Al-Israa’ wal Micraadj

Tot de duidelijke tekenen en bijzondere wonderen behoort al-Israa’ wal Micraadj (de nachtreis en de hemelvaart). Allah stelde Zijn Profeet (vrede zij met hem) in staat om in één nacht te reizen van al-Masdjied al-Haraam (Mekka) naar al-Masdjied al-Aqsaa (al-Qoeds) om daar vervolgens voor te gaan in het gebed waaraan alle Profeten deel namen en achter hem baden. Allah zegt (interpretatie van de betekenis):

“Verheven is Degene Die ’s nachts Zijn dienaar (Mohammed) van al-Masdjied al-Haraam naar al-Masdjied al-Aqsaa heeft gebracht, waarvan Wij de omgeving hebben gezegend. Opdat Wij hem van Onze Tekenen lieten zien…” (Soerat al-Israa’: 1)

Vanaf deze plaats reisde hij door naar de hemel. Daar zag hij de grootste Tekenen. Zo zag hij Djibriel (vrede zij met hem) in zijn werkelijke gedaante. Samen met hem ging hij naar de uiterste boom van Nabiq en ging voorbij de zeven hemelen. Hij werd zelfs door de Meest Barmhartige toegesproken en werd door Hem nabij gebracht.

“Willen jullie (ongelovigen) dan redetwisten over wat hij zag? En waarlijk, hij (Mohammed) heeft Djibriel bij een andere nederdaling gezien. Bij de uiterste boom van Nabiq. Daarbij is de Tuin van de verblijfplaats. Toen de boom van Nabiq bedekt werd met datgene waarmee hij bedekt werd. Zijn blik week niet en dwaalde niet. Waarlijk, hij zag de Grote Tekenen van zijn Heer.” (Soerat an-Nadjm: 12-18)

Ibn Mascoed overlevert: “Hij (de boom van Nabiq) werd bedekt met vlinders van goud.” (Moeslim)

Maalik ibnoe SacSacah overlevert dat de Boodschapper van Allah (vrede zij met hem) zei: “Toen hij (de boom van Nabiq) werd bedekt met datgene waarmee Allah hem had bedekt veranderde hij zodanig dat niemand van de schepselen van Allah in staat is om zijn schoonheid te beschrijven.” (Moeslim)

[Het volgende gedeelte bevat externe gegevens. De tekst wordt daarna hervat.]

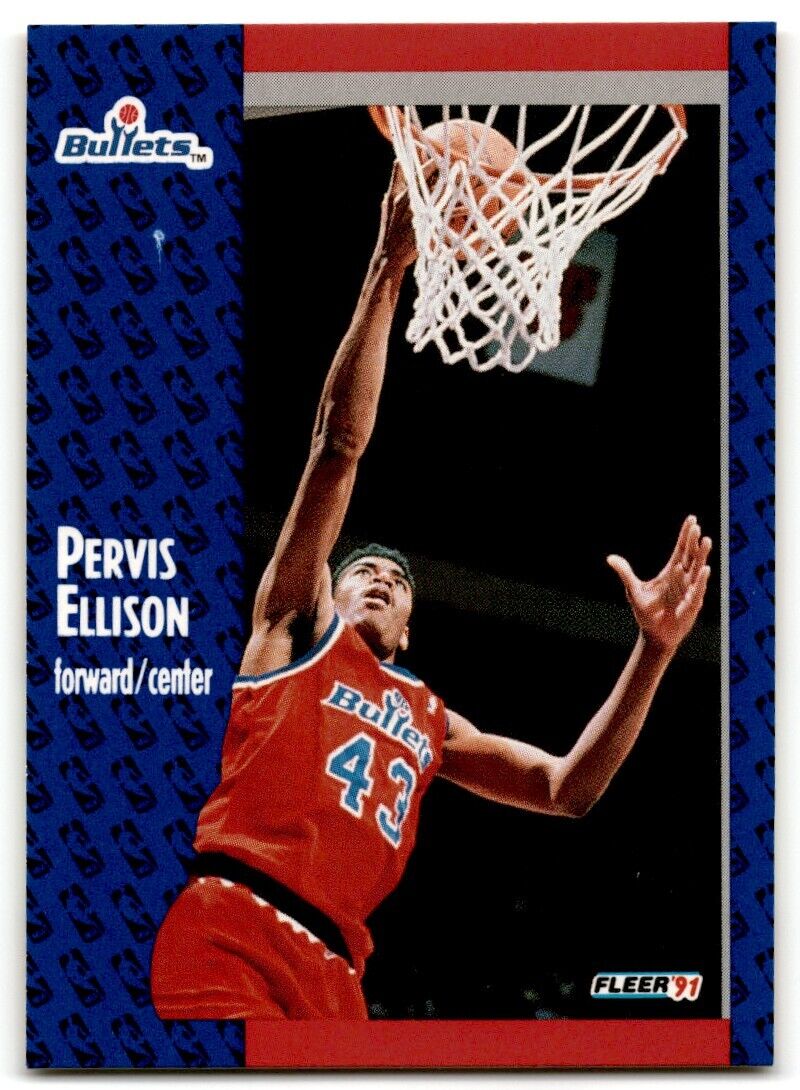 1991-92 Fleer Pervis Ellison Washington Bullets #205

Qoeraysh verloochende deze gebeurtenis. De afstand tussen Mekka en al-Qoeds besloeg immers een reis van weken. Zij redeneerden dan ook dat het onmogelijk was voor een persoon om in slechts een deel van de nacht heen en weer te gaan. Dit vonden zij zeker vreemd. Het is ook vreemd, doch het is de Waarheid aangezien Allah, de Verhevene, hiervoor zorg droeg. En Allah is tot alles in staat.